### WORK INSTRUCTION
Each line from the one bearing "Summit guard station bunkhouse" through the last line of the entries below should be returned exactly, with pictures left out.
___ RECORDS SHOWN
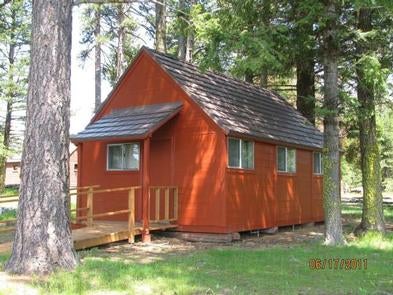 Small, orange-red cabin with ramp to front door in sun dappled conifer forest.



Summit guard station bunkhouse

Credit: USFS
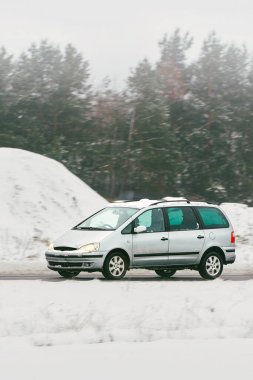 Buzlu dağ yolunda parlak küçük bir araba.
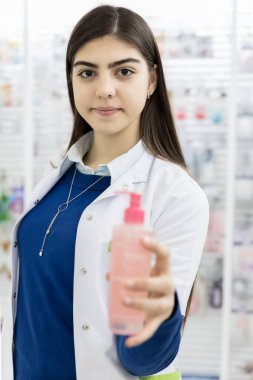a female pharmacist working at the pharmacy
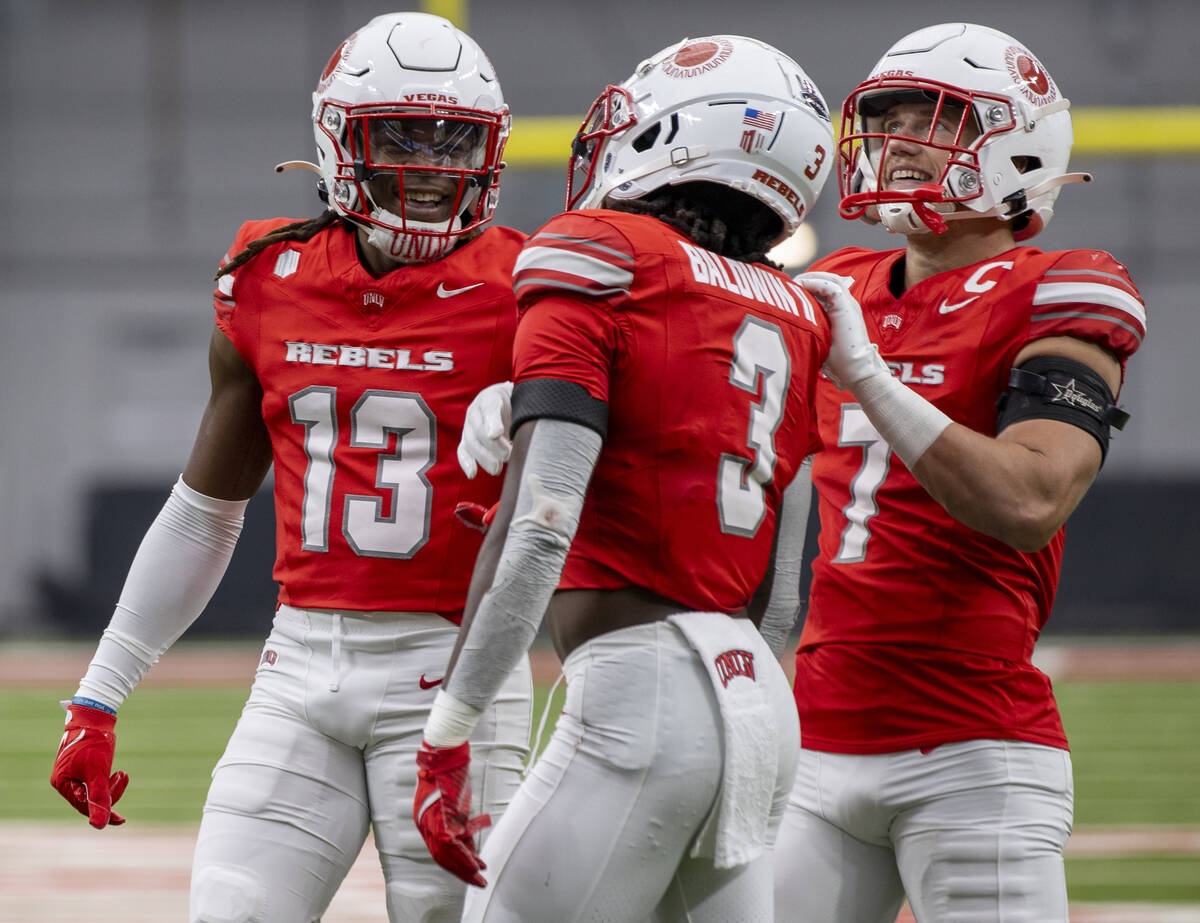 UNLV defensive back Jarvis Ware (13) and linebacker Jackson Woodard (7) comfort defensive back ...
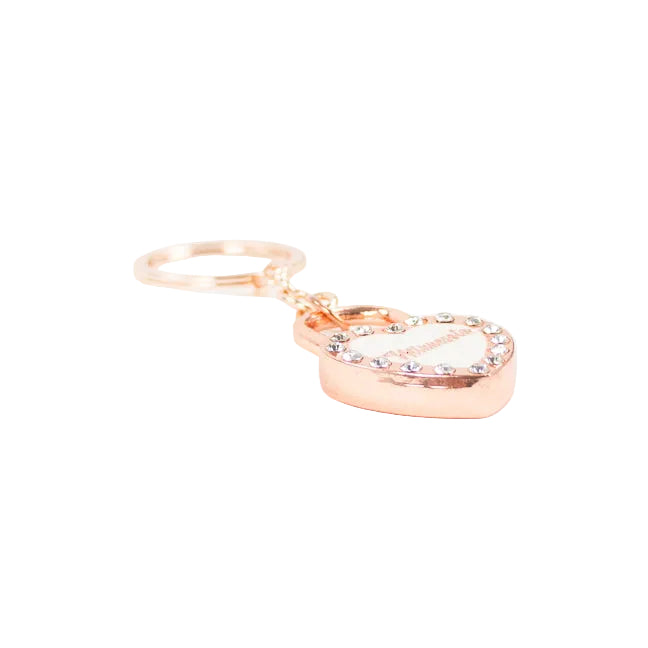 A rose gold heart-shaped keychain with a rhinestone-embellished border and a small engraved brand name on the heart, attached to a matching rose gold split key ring, set against a plain white background.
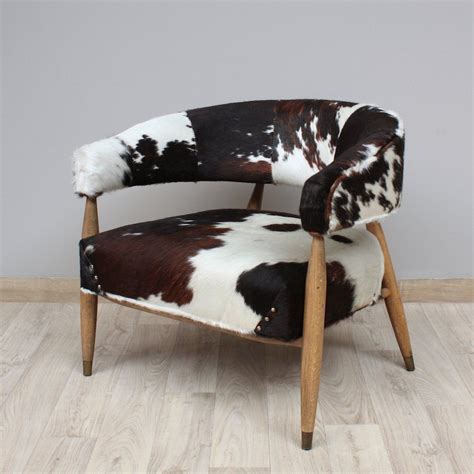 These fabulous cowhide chairs are made from oak and natural cowhide and ...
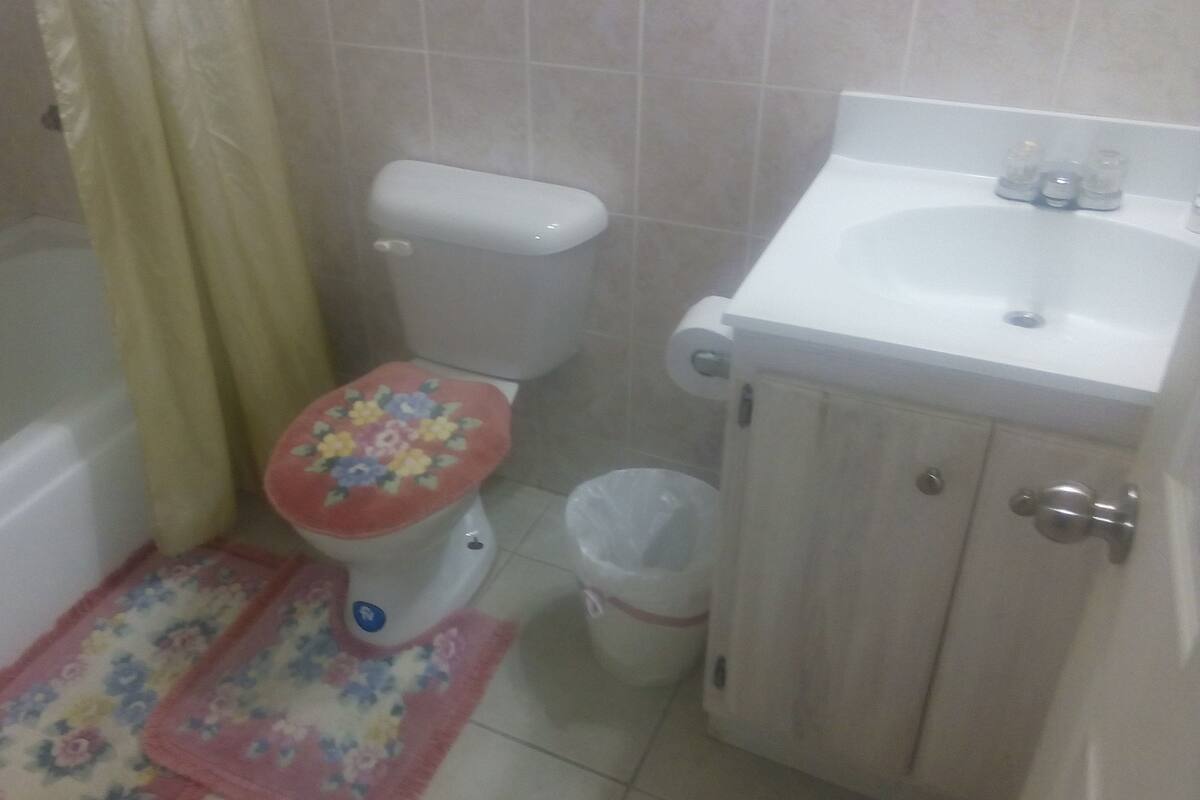 A small bathroom with a toilet, a sink, and a shower.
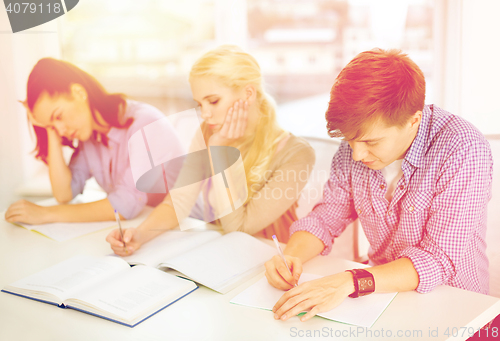 Image of tired students with notebooks at school
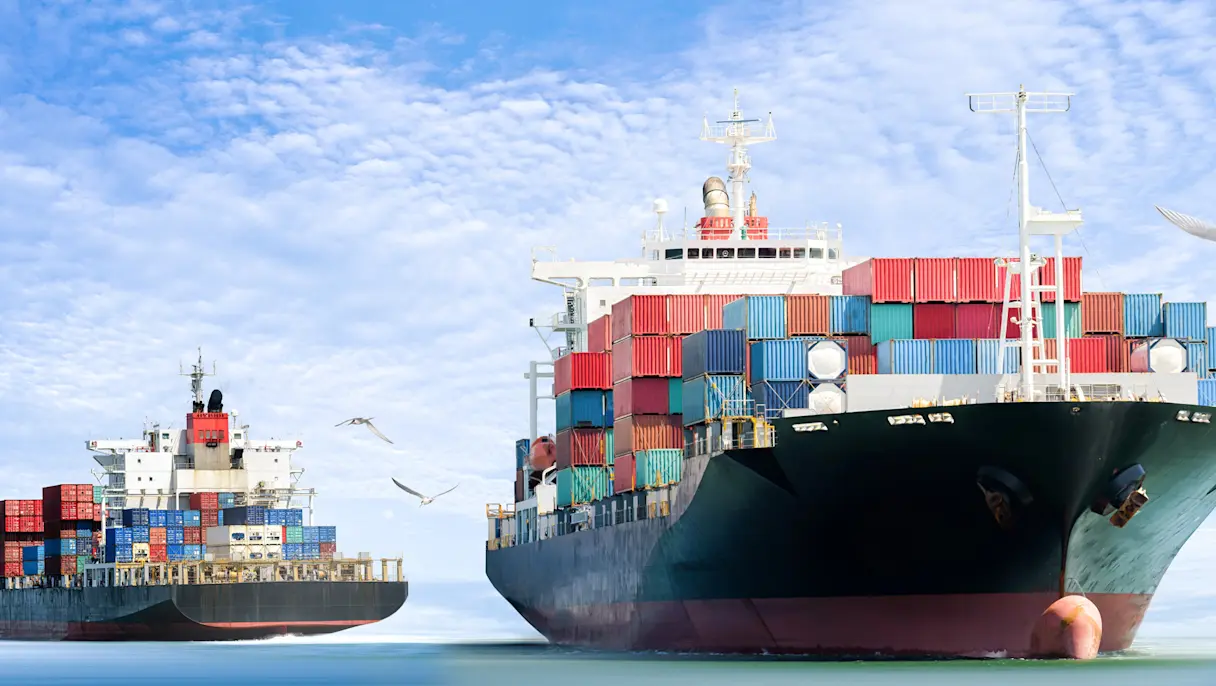 Two cargo ships carrying colorful shipping containers sail across the sea under a blue, cloudy sky, illustrating global trade and maritime transport.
______
### RESULT OF THE EXERCISE
Summit guard station bunkhouse

Credit: USFS
 Buzlu dağ yolunda parlak küçük bir araba.
a female pharmacist working at the pharmacy
 UNLV defensive back Jarvis Ware (13) and linebacker Jackson Woodard (7) comfort defensive back ...
 A rose gold heart-shaped keychain with a rhinestone-embellished border and a small engraved brand name on the heart, attached to a matching rose gold split key ring, set against a plain white background.
 These fabulous cowhide chairs are made from oak and natural cowhide and ...
 A small bathroom with a toilet, a sink, and a shower.
 Image of tired students with notebooks at school
 Two cargo ships carrying colorful shipping containers sail across the sea under a blue, cloudy sky, illustrating global trade and maritime transport.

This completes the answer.